One of the great results that Ptolemy was able to do in this book, in addition to all the astronomy and mathematics in it, was something we'll focus on now. This is the part in which Ptolemy constructs a table of values where one could put in the arc length they were interested in, and then read off what the chord length would need to be.

As we've said, he started with certain chord lengths that were fairly easy to determine, and of course one of the things that you have to decide as you come into this, is what your radius is going to be. The circumference of a circle is 360 degrees. It's going to be easiest to work with chord lengths if we measure them in the same units that we use to measure arc length. So we really want to measure the chord length in degrees.

Well if we have a circle of circumference 360, that means that we're going to need a radius which is 360/(2pi), which is a little bit more than 57 degrees. It's about 57 degrees, 17 minutes, and 45 seconds. That's very difficult to work with, so what Ptolemy and the other early astronomers usually did, was to convert everything to minutes. So the total circumference of the circle, would be 360x60=21,600 minutes. Then the radius in minutes is approximately 3,438.

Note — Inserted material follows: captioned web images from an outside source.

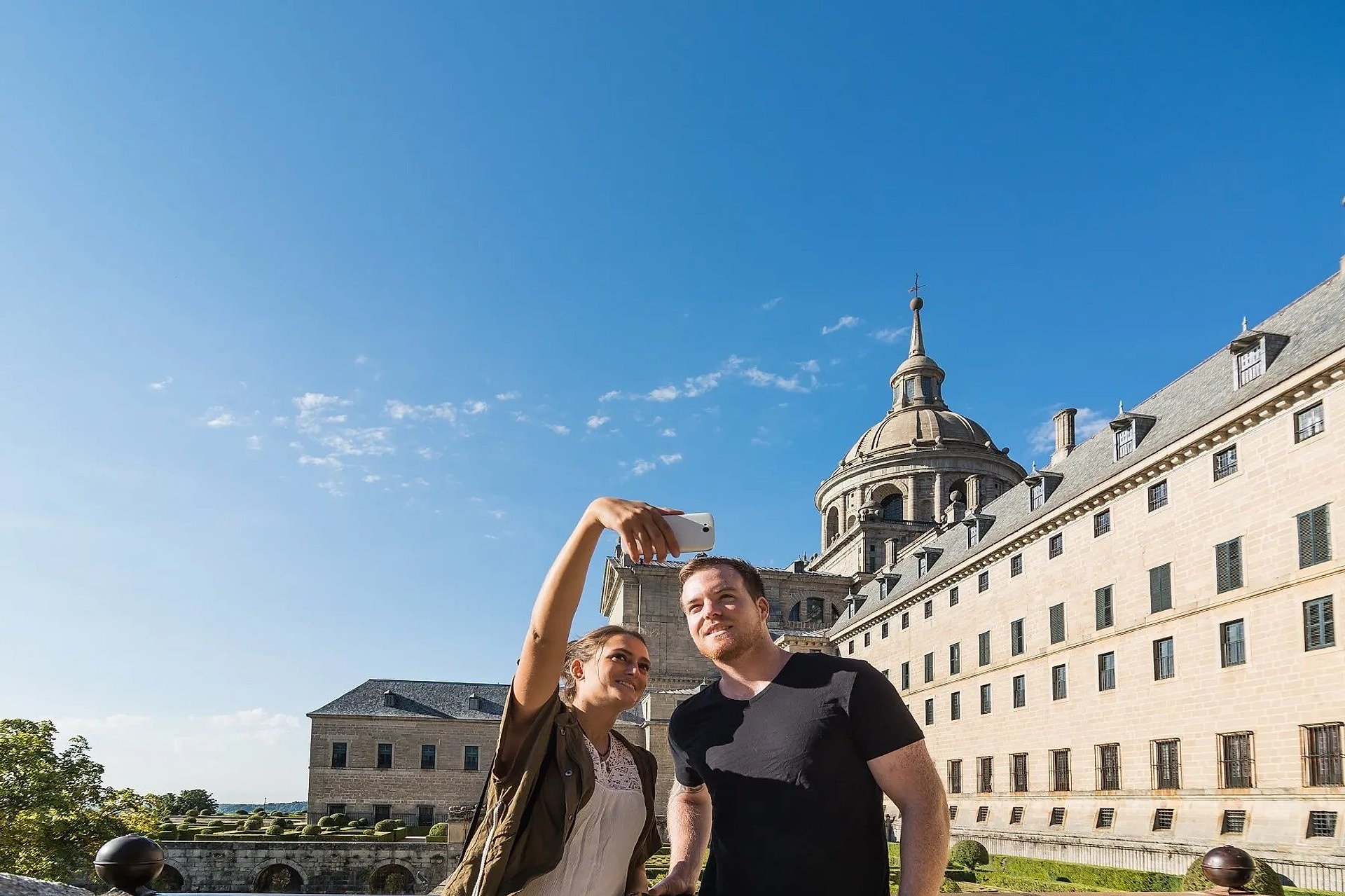 El Escorial, Valle de los Caídos y Toledo - Imagen 1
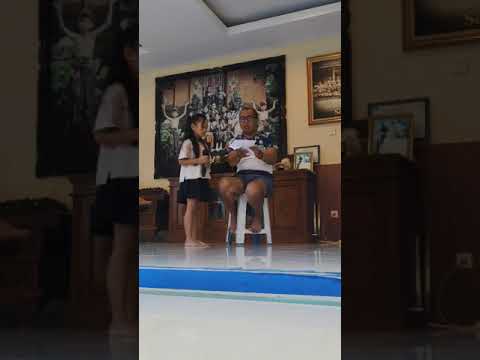 Latihan materi baru, lagu "Biang Sesuluh Titiang - Gek Rani Bagya". #balikumara #balikumara10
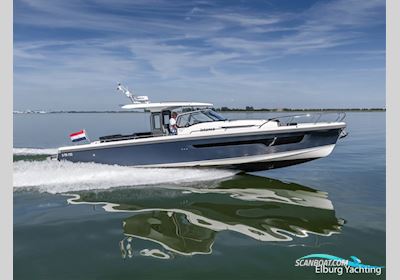 Nimbus T11 - X-Edition Motorbåd 2023, Holland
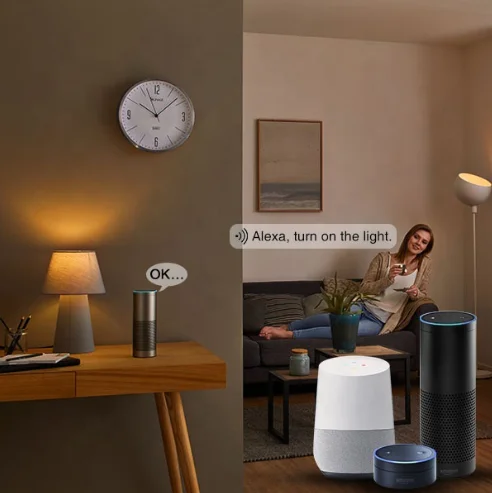 Hot Sell RGB LED Bulb Changing IR Remote Control E26 E27 Smart Bulb 9w RGB Light Bulb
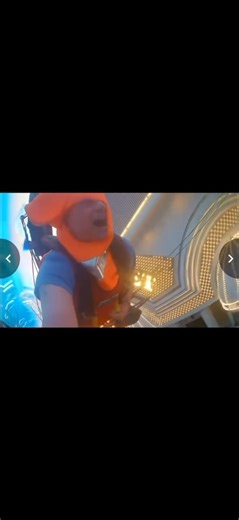 6.1K views · 86 reactions | Fremont street zip line! | Brian Wagaman | Facebook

Ptolemy was then able to take the values of chord length that he knew, for example 72 degrees and 60 degrees, and then work out how the chord length of a given arc could be determined if you knew the chord lengths of two arcs that added up to that. Or equivalently, if you knew the chord length of one arc, and the chord length for a smaller arc, he found the formula for finding the chord length of the difference.

This is equivalent to our modern formulas for finding the sine of a sum of angles, or the sine of a difference of angles:

sin(a-b) = sina x √(1-sin²b) - sinb x √(1-sin²a)

So by using these he was able to find an exact value for the chord length of 12 degrees:

chord 12° = 2sin6° = 2sin(36°-30°)

Then you can also use this formula if you know the chord length for a given arc. You can find the chord length for half of that arc, so once you know the chord length for 12°, you can find the chord length for 6°, 3°, 3/2°, or 3/4°:

sin3° = √(1-√(1-sin²6°))/2

sin3/2° = √(1-√(1-sin²3°))/2

sin3/4° = √(1-√(1-sin²(3/2°)))/2

Yet that doesn't give you the chord length for 1 degree, and this was something Ptolemy really wanted to work out, to quite a bit of accuracy. One of the advantages of using the same unit of measure to measure the arc length and chord length, is that as we take smaller and smaller arcs, the ratio between the chord length and the arc length should approach one.

So for very very small arcs, we can assume that they're approximately equal. That means that the 3/4 degree arc, divided by the chord of 3/4, should about equal the arc of one degree divided by the chord of one degree. That tells you that the chord of one degree is very close to the reciprocal of 3/4, which if 4/3, times the chord of 3/4:

chord 1° ≈ 4/3 x chord 3/4°

He knew the exact value of a chord of 3/4, and could then use that in order to find a very very close approximation to the chord of one degree, and once he had the chord of one degree, he could find the chord of half a degree. Once he had that, and he had this formula, if you know the chord of one arc length and another, you can add them together. So he was able to build up an entire table of chord lengths, in intervals of half a degree.

If you know the chord length for half a degree, that corresponds to the sine of a quarter of a degree. Effectively what Ptolemy was able to construct, was a table of values of the sine, down to just a quarter of a degree at a time.

Now Ptolemy was 2nd century CE, and as we've said, Greek mathematics really ends at about 400 CE. Fortunately though, this was not at the end of the developments in astronomy, because these astronomical works that came out of the Eastern Mediterranean would be imported into India, where the astronomers would pick up this idea, carrying it much further, also bringing in many new ideas in mathematics. In particular, one of the things we'll see in the next lecture, is how this work on trigonometry would lead to a general appreciation for polynomials.